The nation’s largest TV station owner gave the activists behind the report an uncritical platform to push misinformation
Shellenberger’s strategy of targeting outlets outside the far-right appeared to gain some traction, first with NewsNation, which ran an “exclusive” on the report.
NewsNation is the cable network for Nexstar, the largest owner of TV stations in the U.S., covering 68% of households. Launched in 2021, NewsNation billed itself as a supposedly centrist alternative to other cable networks, with Nexstar describing it as “the destination for fact-based, unbiased news.”
Prior to publishing the report on X, Shellenberger gave an interview to NewsNation’s Elizabeth Vargas Reports.
During his interview, Shellenberger shifted from calling for an end to all gender-affirming care for trans youth to asserting that “the people that are getting these treatments must understand what’s happening to them,” claiming that “the files show very clearly that that’s not what’s happening.”
The show also interviewed Mia Hughes, describing her simply as the “author of the report” but failing to disclose her long track record as an anti-trans writer and activist. Hughes characterized gender-affirming care as causing sterility, a piece of misinformation often repeated by anti-trans campaigners.
The outlet also interviewed Julia Mason, a pediatrician who belongs to the fringe Society for Evidence-Based Gender Medicine. Mason’s group is working to pass anti-trans legislation and its flawed research has been used to justify Texas’ order declaring gender-affirming care child abuse, but the network’s correspondent identified her simply as a “pediatrician in Oregon who has been sounding the alarm on medical transition of minors for years.”
Along with failing to disclose its guests’ background, NewsNation provided no pushback to the claims made in the report or by its authors. The only voice of dissent was a short quote from WPATH President Marci Bowers read by the correspondent at the end of the segment.
This is not the first time Elizabeth Vargas Reports has jumped on shaky claims from biased sources to target trans rights. The show aired similarly uncritical coverage of contested claims about gender-affirming care that were made against a St. Louis hospital last year.
As the report gained traction in other outlets outside the right, coverage failed to provide context or pushback to the Shellenberger’s report
Sinclair, the nation’s fourth largest TV network conglomerate, published an article uncritically quoting the report (with one quote from WPATH) and interviewing Shellenberger through its own program, The National Desk. Sinclair also used its immense roster of local news outlets to distribute the article to websites for local news stations, including affiliates of ABC, CBS, and NBC.
The article ends by focusing on changes WPATH made to its standards of care two years ago, which were widely mischaracterized by right-wing media to attack the organization.
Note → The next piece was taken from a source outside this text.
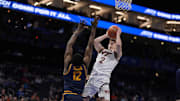 Mar 11, 2025; Charlotte, NC, USA; Virginia Tech guard Jaden Schutt (2) goes to the basket defended by California center Mady Sissoko (12).
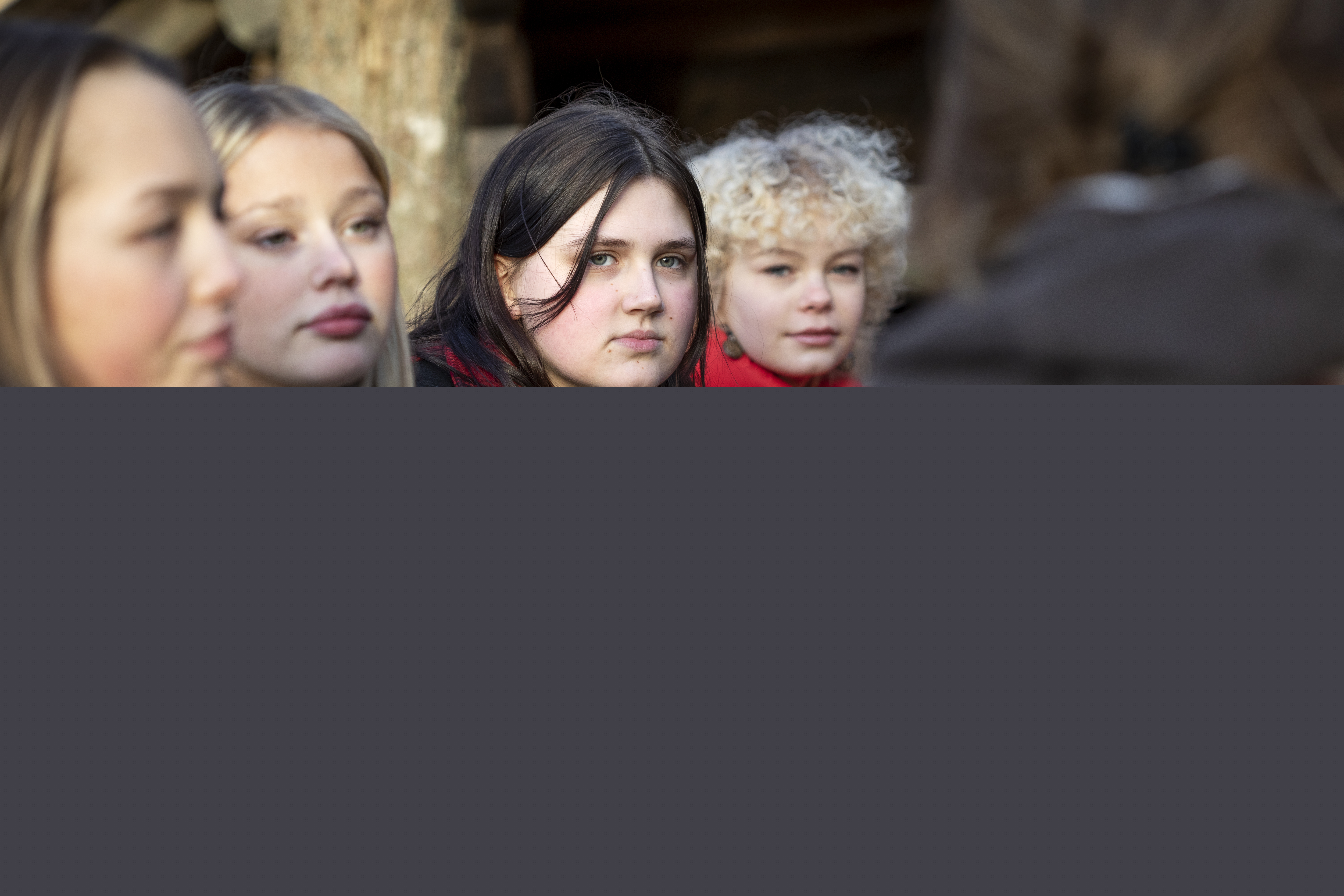 Några tonårstjejer sitter utomhus.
Newsweek also reported on the report, publishing an article titled “Transgender Hormone Drugs Linked to Cancer” — a headline so misleading it prompted condemnation from the National LGBT Cancer Network.
Additionally, Megan McArdle, a columnist for The Washington Post who previously used a biased anti-trans source to call for compromise between the rights of trans youth and the extremists targeting them, dedicated her March 8 column to Shellenberger’s report.
Following coverage of the report, WPATH’s website was the victim of a ransomware attack, and Shellenberger took the opportunity to announce “victory” and claim the organization had removed the latest standards of care from its website, suggesting his report was responsible. He removed his triumphant posts after his claims were shown to be false.